Hackney laughed at that, and so did Joey. But insults, even now, made her feel like a suck-up betrayer.

“Let me guess,” Joey said. “Shane’s still a Tantric Buddhist.”

“He sure is.” Hackney took a long drag. “And how.”

“Did he mention it onstage?”

“Between every song.”

Shane had started off as the closest thing to a normal person in the band, despite the fact that when they all met, he was a most devout Holy Roller, part of some scary Orange County clan. But he wasn’t vicious like Darlo, or pretentious like Adam, or neurotic like Bobby. He’d been a pleasant kid whose blond good looks and affable personality could have fit in anywhere. But delusions of grandeur had fucked them all in different ways, and in Shane’s case had made him a preachy, annoying mouthpiece for a number of successive spiritual dead ends.

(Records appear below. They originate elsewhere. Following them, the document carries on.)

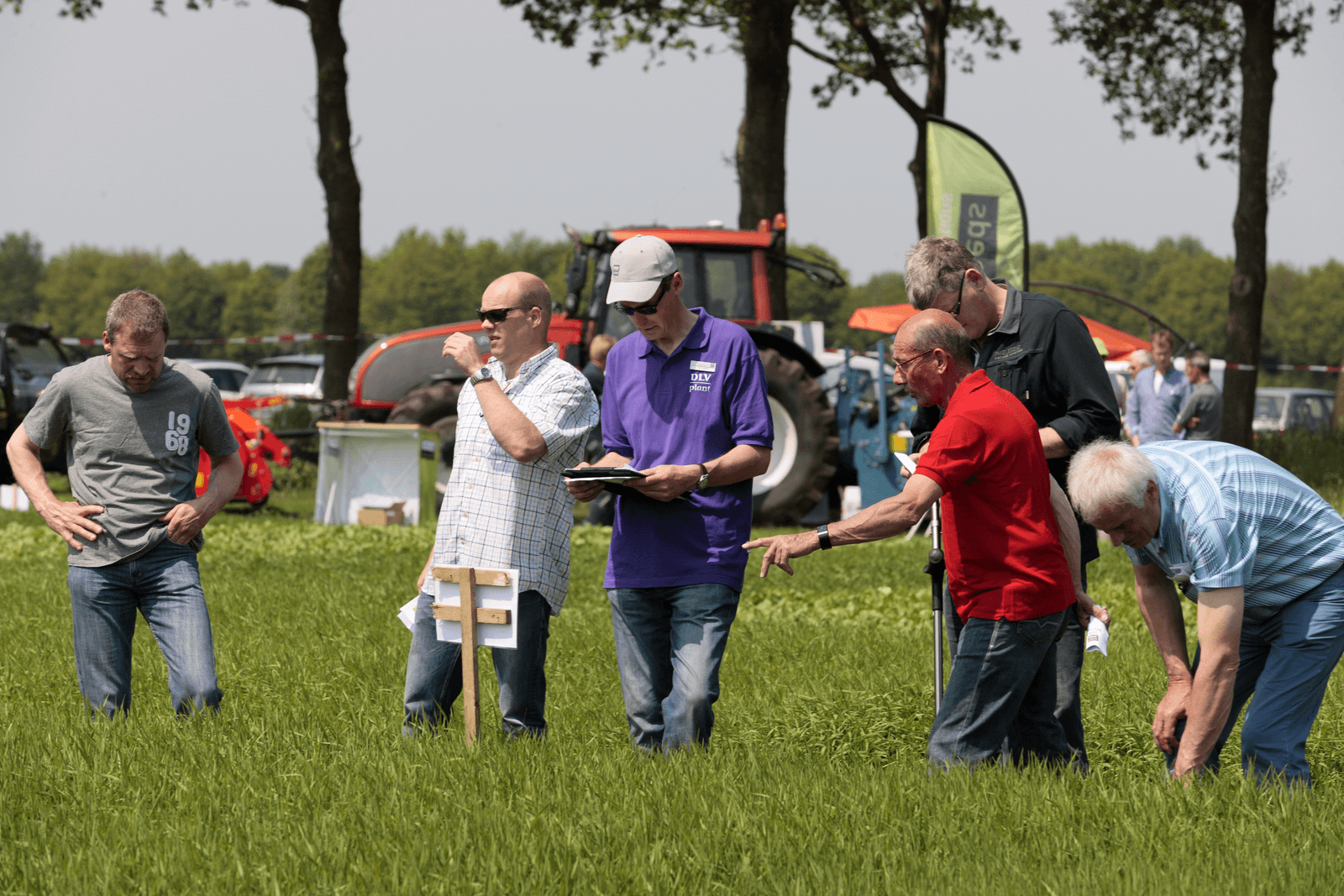 Akkerbouwers bekijken een proefveld in het kader van het verhogen van graanopbrengsten. Door telers ingediende onderzoeksvoorstellen zijn nu gerangschikt. Foto: Jan Willem van Vliet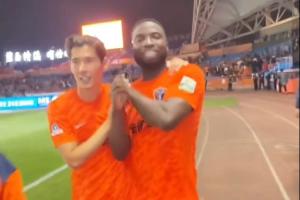 倒反天罡侯永永不明白“顶呱呱”的意思 奥斯卡解释：就是牛x - 资讯配图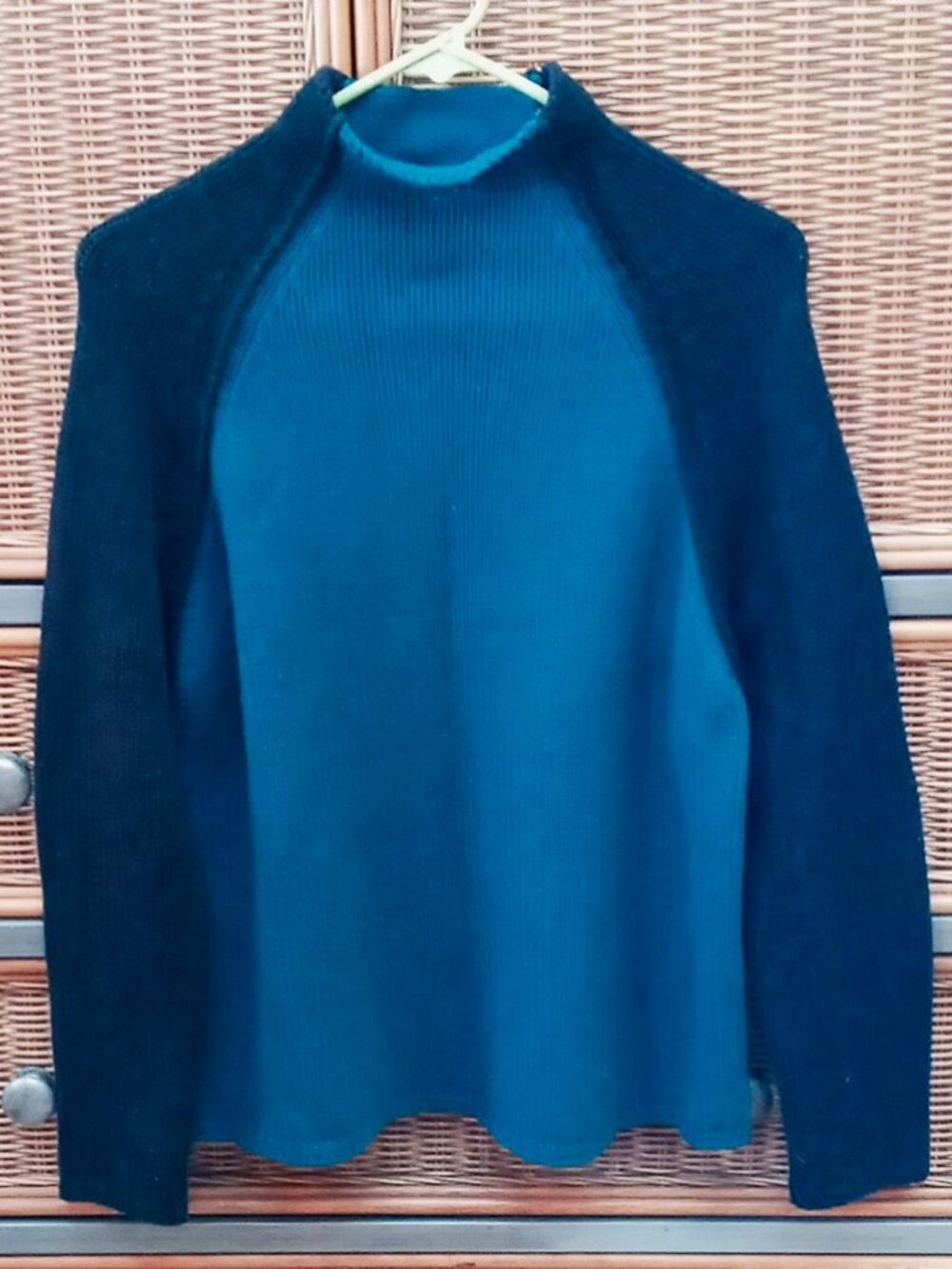 Cozy & Warm Coldwater Creek Teal & Black Mockneck Versatile Style Sweater - Picture 2 of 10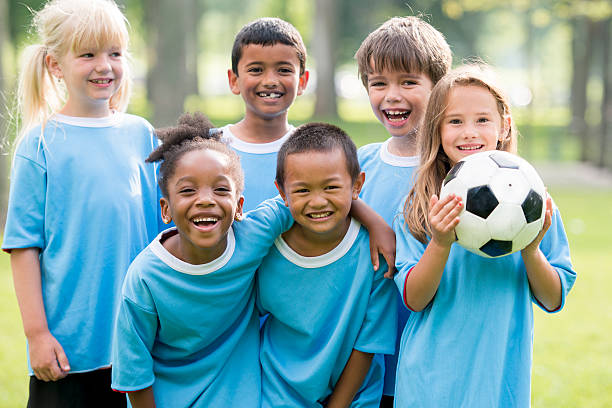 istock Childrens Soccer Team Posing for Picture 471040404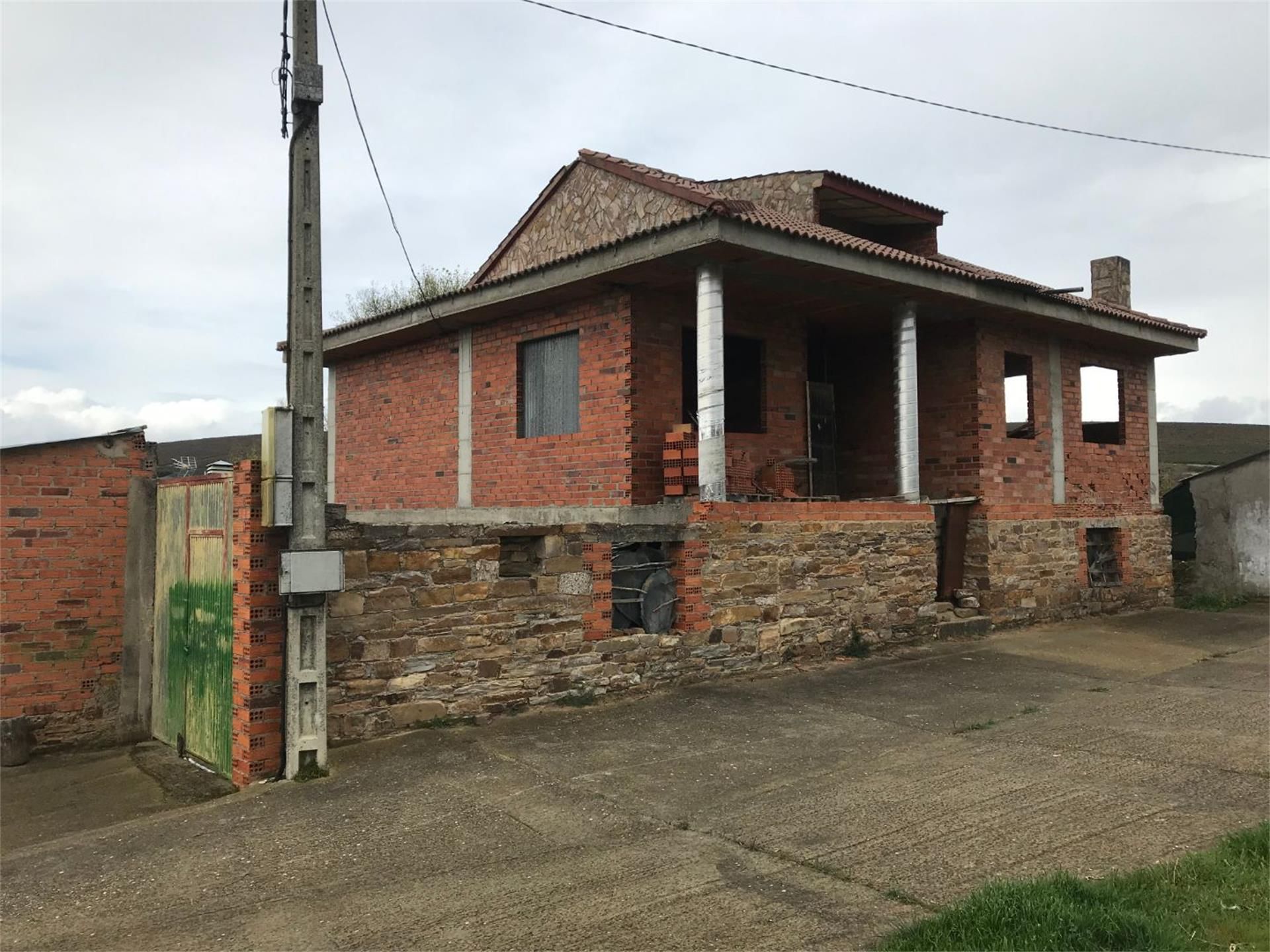 Vista exterior de Casa o xalet en venda en Gallegos del Río amb Jardí privat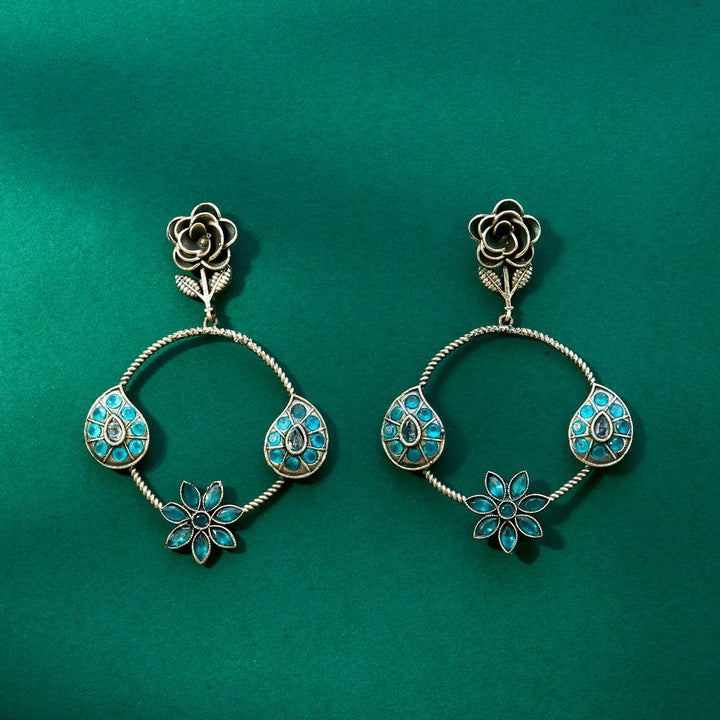 Delicate Earring With Oxidised Plating 807767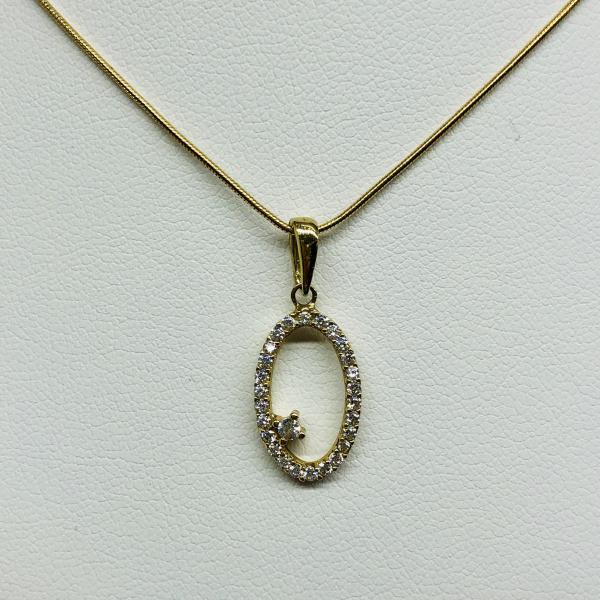 14 karátos sárga arany cirkónia köves medál. A medál súlya 0,8gr.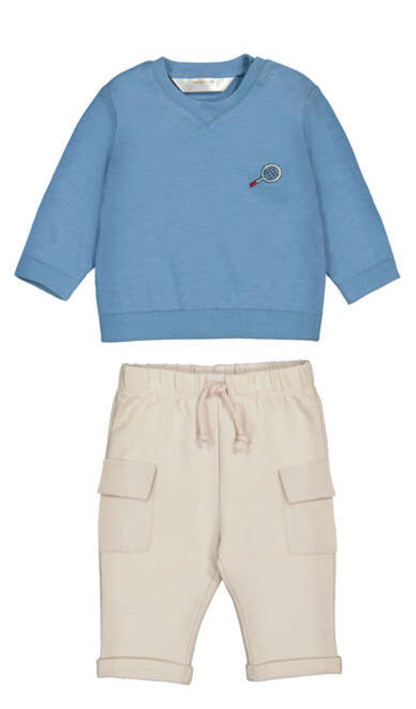 Mayoral boys Tennis Blues 2-piece set — front flat lay showing a soft cornflower blue cotton pullover with ribbed round neckline, ribbed cuffs and ribbed hem, and a small embroidered tennis racket and ball motif in navy and red on the left chest; paired with sand beige cargo-style trousers with drawstring elasticated waistband, two large patch cargo pockets on the thighs and turn-up cuffs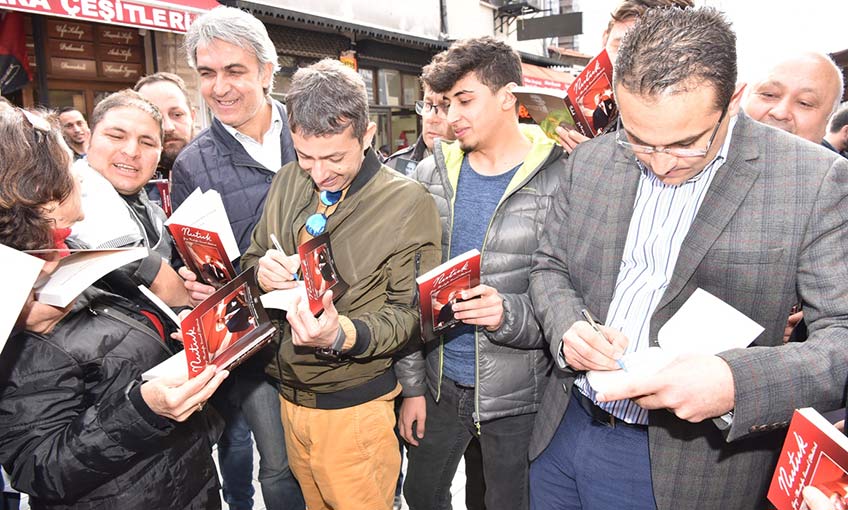 Bornova’da nutuk dağıtımı devam ediyor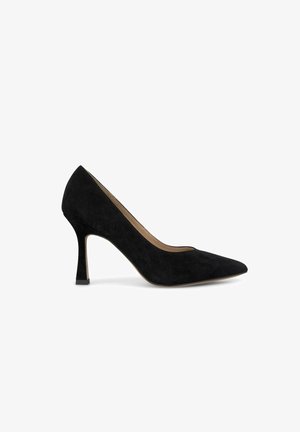 Schwarzer Wildleder-High-Heel-Pump mit spitzem Zeh und schlankem Absatz, der über einen Blockboden verfügt. Glatte Textur und nahtloses Design.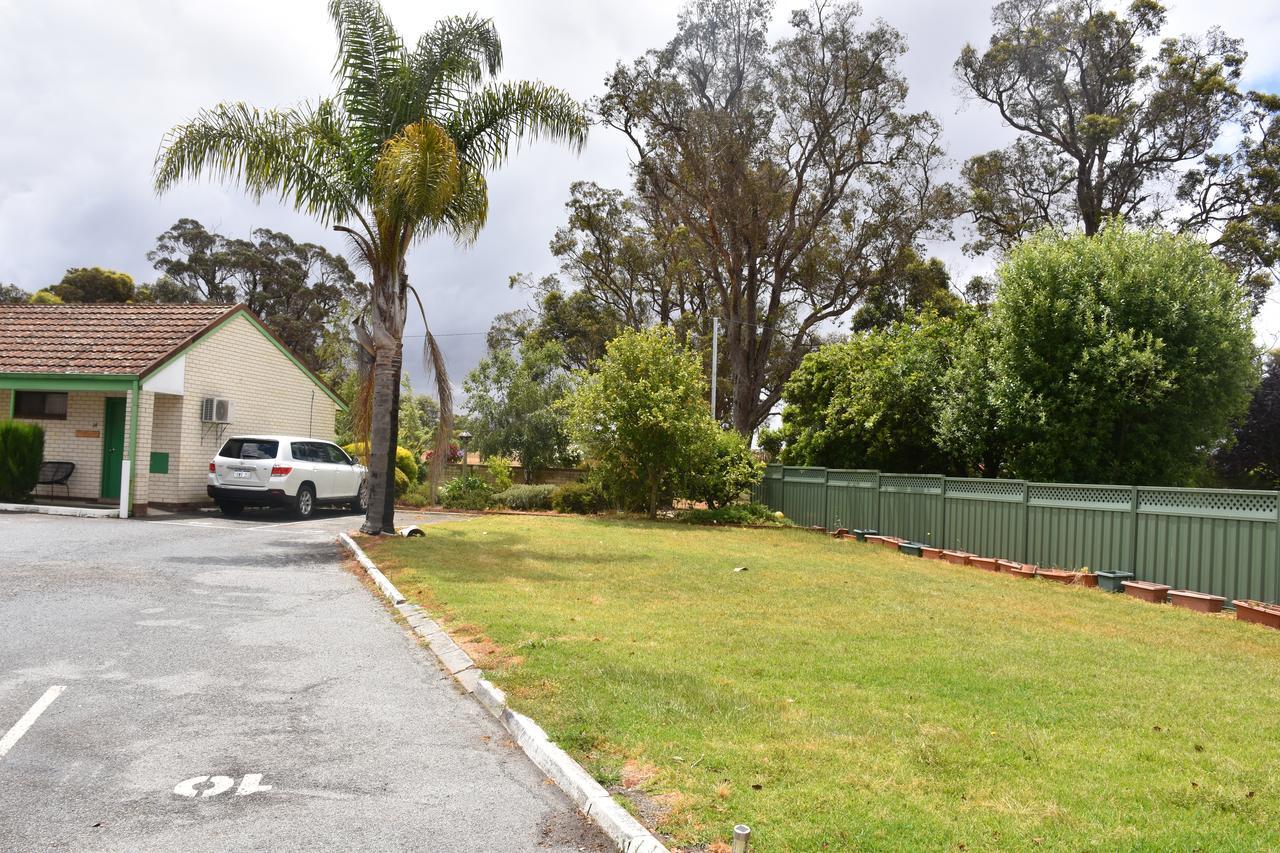 Mount Barker Valley Views Motel & Chalets, Western Australia Exterior photo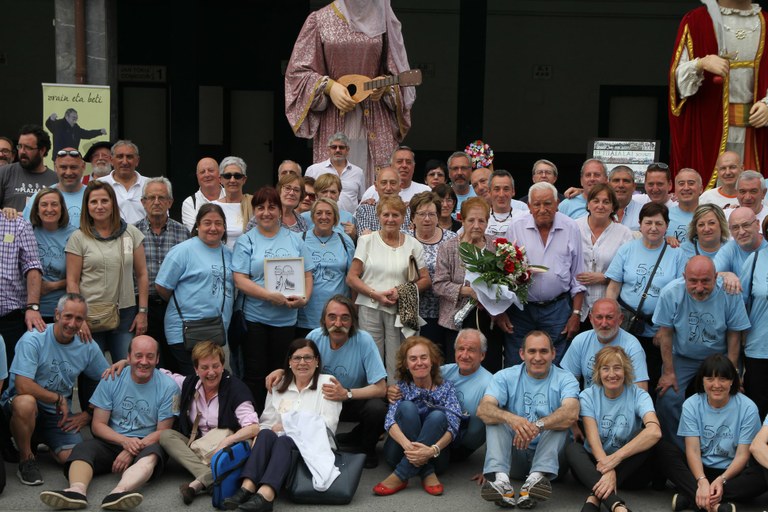 Mende erdiko ibilbidea ospatzen ari da Beti Jai Alai dantza taldea Mende erdiko ibilbidea ospatzen ari da Beti Jai Alai dantza taldea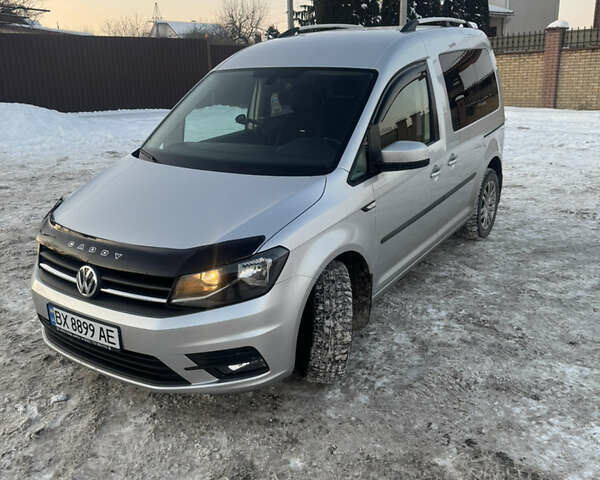 Сірий Фольксваген Кадді, об'ємом двигуна 1.97 л та пробігом 126 тис. км за 19900 $, фото 1 на Automoto.ua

“Let me see if I can remember it right,” Hackney said. “The cock is the lingam. The pussy is the yoni. The cock is also the jade stalk and the pussy is the emerald lagoon.”

“What else?”

He blew perfect smoke rings. Some calf hair peeked out where his cuff broke. Joey wanted to lick his legs bare.

“A most comprehensive retelling of the Kama Sutra,” he said. “Which some drunk in the crowd kept calling the Come On Sarah.”

“Did you get the guy’s address?” Joey asked. “I want to send the fucker some flowers.”

Hackney laughed. Joey fixated on his pearly British chompers.

“The heckling didn’t dissuade him,” Hackney said. “He kept on, into a discussion of Ashtanga yoga, and the virtues of ten glasses of water a day, and the magic aphrodisiac qualities of yohimbine.” He looked to Joey. “I know I’m missing some things.”

“Genghis Khan died having sex,” she offered. “He was a brave warrior.”

“He had many wives,” Hackney said, “and practiced the downward dog, the chanting hyena, the oracular ostrich, the galloping goat.”

“You’re killing me over here,” Joey said. “Killing me softly.”

Hackney puffed. “The lectures really thinned the room. By the end of the set the band was playing to their shadows. I introduced myself after the show, and they couldn’t have cared less. They practically pushed me out of the way to get to their beers.”